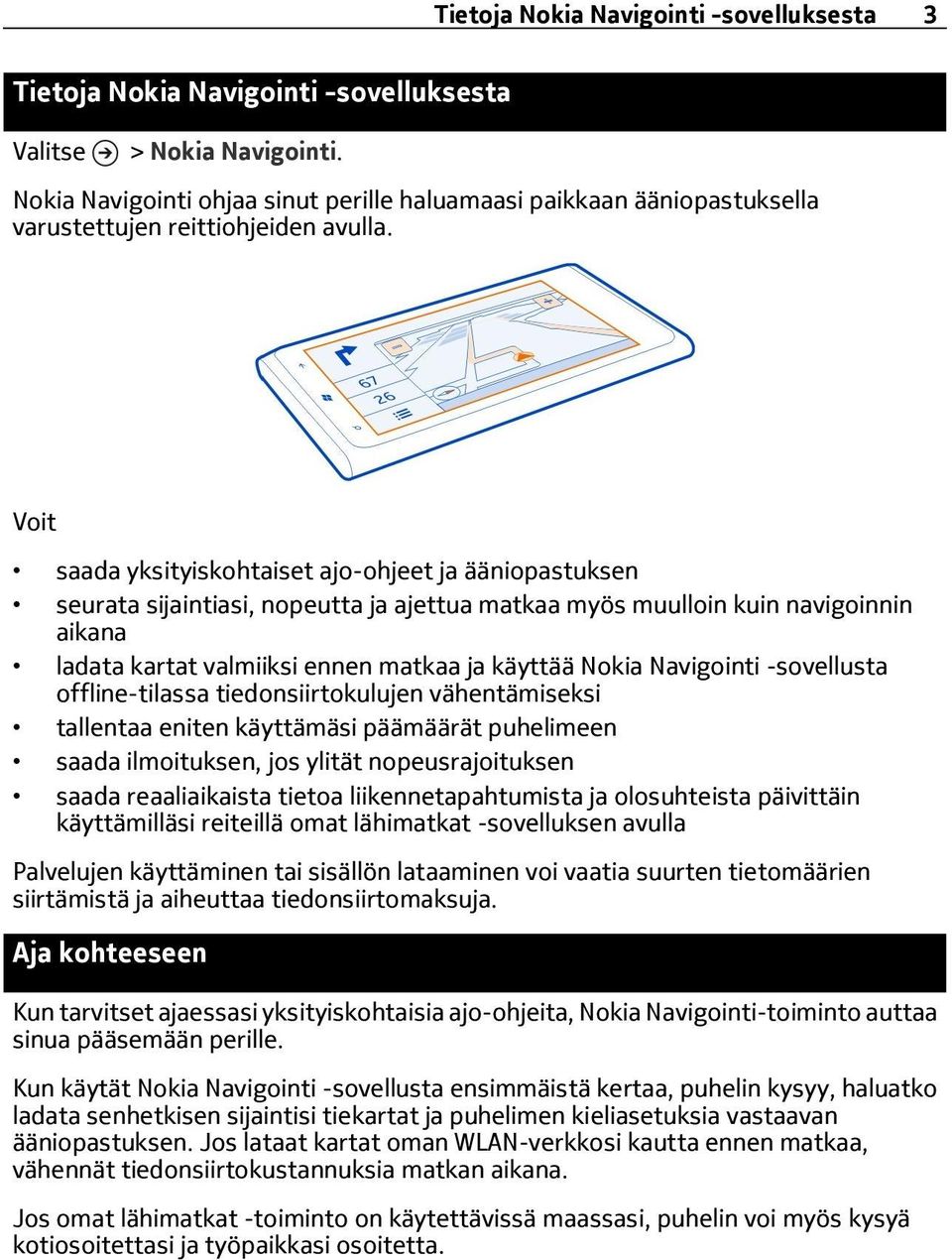 Voit saada yksityiskohtaiset ajo-ohjeet ja ääniopastuksen seurata sijaintiasi, nopeutta ja ajettua matkaa myös muulloin kuin navigoinnin aikana ladata kartat valmiiksi ennen matkaa ja käyttää Nokia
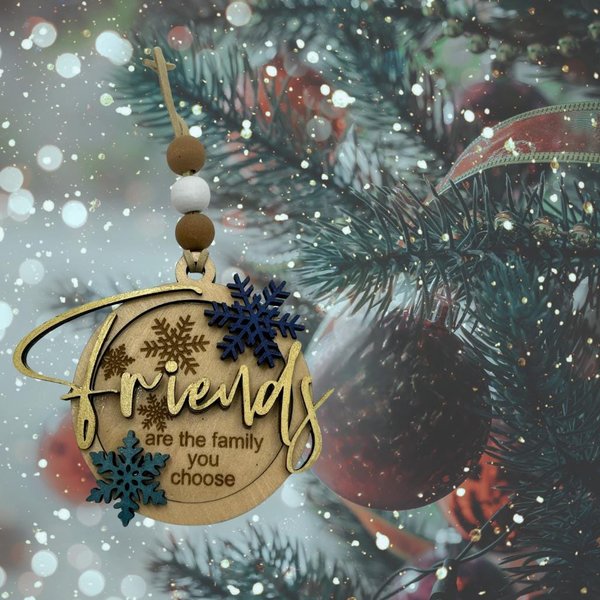 Friends Ornament – “Friends Are the Family You Choose” Wooden Christmas Ornament with Snowflakes & Beaded Hanger | Gift for Best Friends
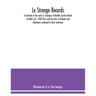 Le Strange records: a chronicle of the early Le Stranges of Norfolk and the March of Wales A.D. 1100-1310, with the lines of Knockin and B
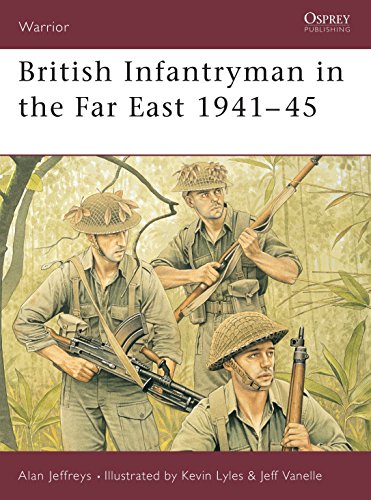 9781841764481: British Infantryman in the Far East 1941-45: No. 66 (Warrior)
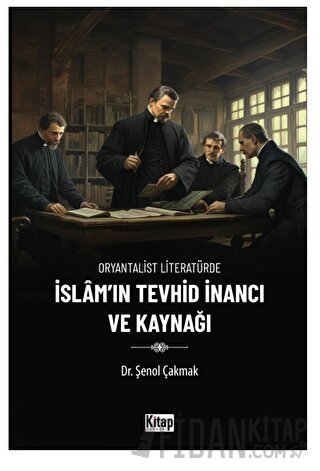 Oryantalist Literatürde İslam'ın Tevhid İnancı ve Kaynağı Şenol Çakmak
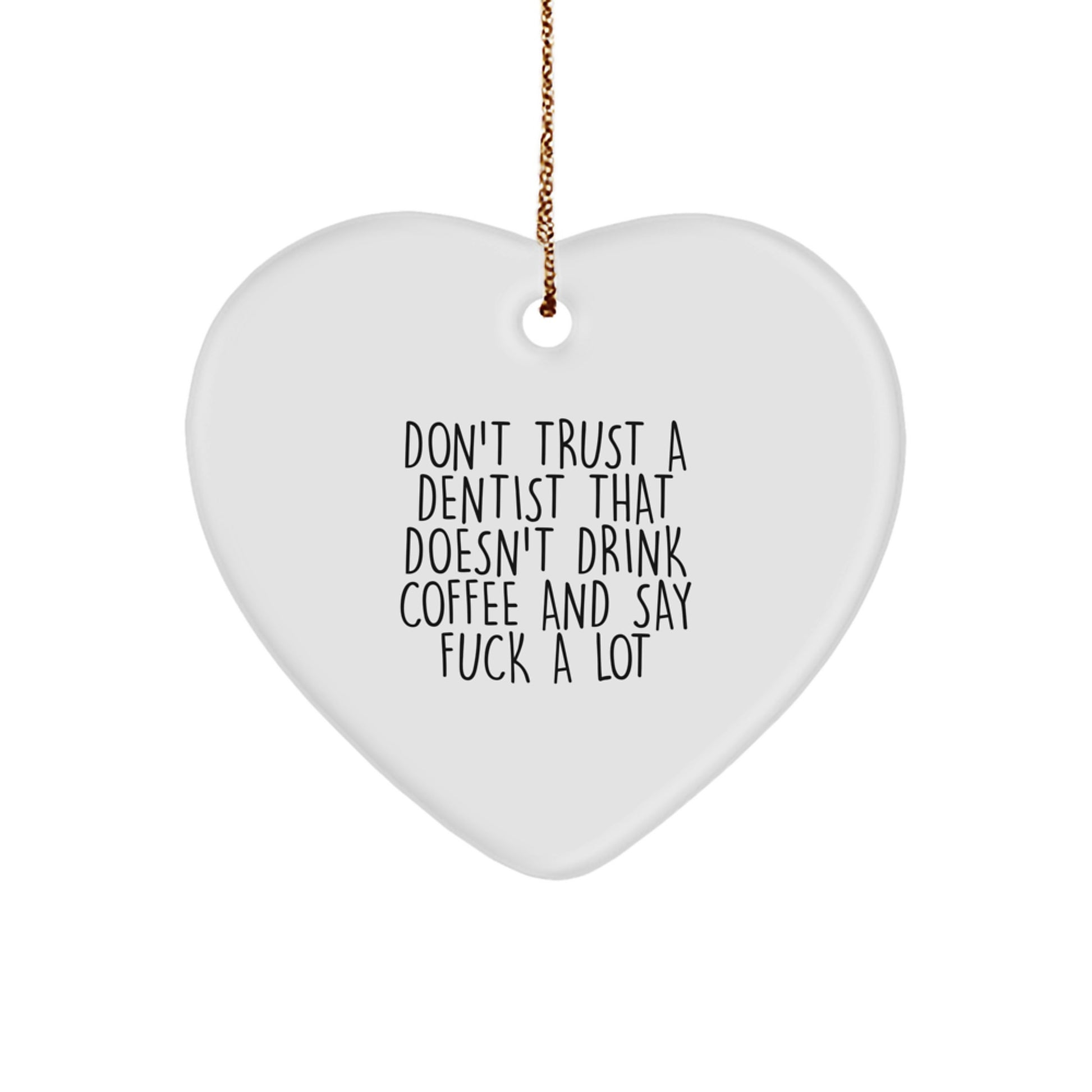 Funny Dentist Gifts from Friends for Christmas - Don't Trust a Dentist Without Coffee - Heart Ornament - Image 1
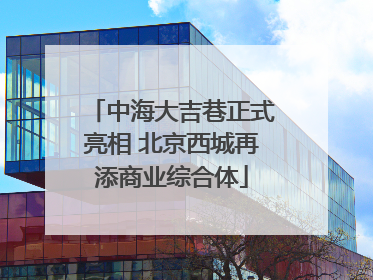 中海大吉巷正式亮相 北京西城再添商业综合体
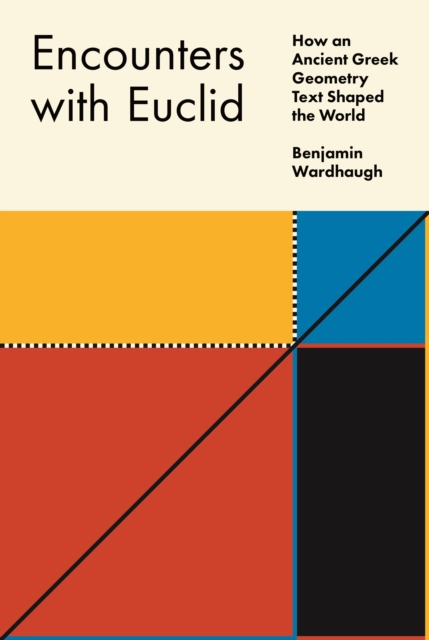 Encounters with Euclid : How an Ancient Greek Geometry Text Shaped the World, EPUB eBook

_____

WHAT YOU ARE ASKED TO DO: Hand back the records above exactly as they are, pictures excluded.

THE COMPLETED TASK:
 Voit saada yksityiskohtaiset ajo-ohjeet ja ääniopastuksen seurata sijaintiasi, nopeutta ja ajettua matkaa myös muulloin kuin navigoinnin aikana ladata kartat valmiiksi ennen matkaa ja käyttää Nokia
 Friends Ornament – “Friends Are the Family You Choose” Wooden Christmas Ornament with Snowflakes & Beaded Hanger | Gift for Best Friends
 Le Strange records: a chronicle of the early Le Stranges of Norfolk and the March of Wales A.D. 1100-1310, with the lines of Knockin and B
 9781841764481: British Infantryman in the Far East 1941-45: No. 66 (Warrior)
 Oryantalist Literatürde İslam'ın Tevhid İnancı ve Kaynağı Şenol Çakmak
 Funny Dentist Gifts from Friends for Christmas - Don't Trust a Dentist Without Coffee - Heart Ornament - Image 1
 中海大吉巷正式亮相 北京西城再添商业综合体
 Encounters with Euclid : How an Ancient Greek Geometry Text Shaped the World, EPUB eBook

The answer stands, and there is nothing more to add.